◆ **PROBLEM**: Please output exactly the lines that run from the line with "Naklejka premium Mountainous" through the final line of the data, inclusive, and nothing more.

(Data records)
'''
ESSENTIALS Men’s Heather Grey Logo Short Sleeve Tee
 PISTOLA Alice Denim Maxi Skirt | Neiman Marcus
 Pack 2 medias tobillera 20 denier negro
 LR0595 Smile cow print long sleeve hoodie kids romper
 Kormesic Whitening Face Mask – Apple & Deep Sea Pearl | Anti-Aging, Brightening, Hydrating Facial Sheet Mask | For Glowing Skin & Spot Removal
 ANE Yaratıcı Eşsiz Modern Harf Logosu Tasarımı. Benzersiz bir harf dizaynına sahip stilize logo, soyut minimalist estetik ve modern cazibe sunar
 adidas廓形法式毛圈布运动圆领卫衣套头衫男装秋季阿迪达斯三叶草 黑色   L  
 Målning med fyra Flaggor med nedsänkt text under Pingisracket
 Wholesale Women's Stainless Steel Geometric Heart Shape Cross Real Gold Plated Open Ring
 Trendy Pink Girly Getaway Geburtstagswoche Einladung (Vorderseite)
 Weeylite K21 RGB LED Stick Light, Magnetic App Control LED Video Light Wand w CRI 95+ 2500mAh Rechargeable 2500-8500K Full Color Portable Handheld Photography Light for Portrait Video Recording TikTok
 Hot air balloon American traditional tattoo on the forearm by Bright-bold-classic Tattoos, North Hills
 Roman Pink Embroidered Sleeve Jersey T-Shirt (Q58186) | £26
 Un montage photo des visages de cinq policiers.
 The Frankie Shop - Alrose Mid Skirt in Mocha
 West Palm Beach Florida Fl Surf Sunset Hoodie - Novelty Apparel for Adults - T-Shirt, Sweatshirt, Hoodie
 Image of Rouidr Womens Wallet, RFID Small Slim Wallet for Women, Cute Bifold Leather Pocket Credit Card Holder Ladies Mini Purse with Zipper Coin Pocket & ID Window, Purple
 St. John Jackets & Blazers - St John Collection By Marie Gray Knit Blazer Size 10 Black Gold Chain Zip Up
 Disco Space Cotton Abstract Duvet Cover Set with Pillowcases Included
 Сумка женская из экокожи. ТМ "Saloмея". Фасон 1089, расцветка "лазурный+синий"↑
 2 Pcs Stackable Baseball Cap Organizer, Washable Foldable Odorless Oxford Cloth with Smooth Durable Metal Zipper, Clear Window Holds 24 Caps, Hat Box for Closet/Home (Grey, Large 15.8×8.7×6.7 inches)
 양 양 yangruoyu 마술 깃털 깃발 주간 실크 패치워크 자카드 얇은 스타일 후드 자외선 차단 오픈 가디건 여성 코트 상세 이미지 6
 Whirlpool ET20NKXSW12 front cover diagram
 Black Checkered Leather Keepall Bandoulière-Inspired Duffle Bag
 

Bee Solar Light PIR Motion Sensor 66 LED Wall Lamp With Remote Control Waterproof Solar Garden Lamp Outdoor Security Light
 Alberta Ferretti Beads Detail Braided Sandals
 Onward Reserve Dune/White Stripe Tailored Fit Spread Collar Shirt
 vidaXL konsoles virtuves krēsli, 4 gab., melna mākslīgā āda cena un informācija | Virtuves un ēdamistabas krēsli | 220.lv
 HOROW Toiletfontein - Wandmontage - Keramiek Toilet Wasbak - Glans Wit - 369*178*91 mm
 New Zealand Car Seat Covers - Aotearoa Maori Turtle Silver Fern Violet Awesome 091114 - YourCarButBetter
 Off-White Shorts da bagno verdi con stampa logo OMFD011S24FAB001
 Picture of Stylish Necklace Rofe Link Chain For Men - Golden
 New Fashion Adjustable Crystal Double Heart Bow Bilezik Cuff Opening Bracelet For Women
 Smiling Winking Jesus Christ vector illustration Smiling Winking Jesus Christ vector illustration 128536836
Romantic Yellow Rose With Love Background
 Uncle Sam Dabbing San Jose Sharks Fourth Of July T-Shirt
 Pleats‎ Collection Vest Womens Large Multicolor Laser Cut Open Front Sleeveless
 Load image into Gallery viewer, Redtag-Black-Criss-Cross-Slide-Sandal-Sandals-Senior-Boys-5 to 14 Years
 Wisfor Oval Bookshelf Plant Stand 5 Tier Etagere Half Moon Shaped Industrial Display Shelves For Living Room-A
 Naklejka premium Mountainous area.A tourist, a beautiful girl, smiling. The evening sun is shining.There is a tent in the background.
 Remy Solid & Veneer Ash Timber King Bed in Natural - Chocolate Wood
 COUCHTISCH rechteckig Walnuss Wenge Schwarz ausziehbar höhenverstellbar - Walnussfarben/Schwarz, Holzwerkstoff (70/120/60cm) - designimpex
'''
◆ **EXERCISE ANSWER**:
 Naklejka premium Mountainous area.A tourist, a beautiful girl, smiling. The evening sun is shining.There is a tent in the background.
 Remy Solid & Veneer Ash Timber King Bed in Natural - Chocolate Wood
 COUCHTISCH rechteckig Walnuss Wenge Schwarz ausziehbar höhenverstellbar - Walnussfarben/Schwarz, Holzwerkstoff (70/120/60cm) - designimpex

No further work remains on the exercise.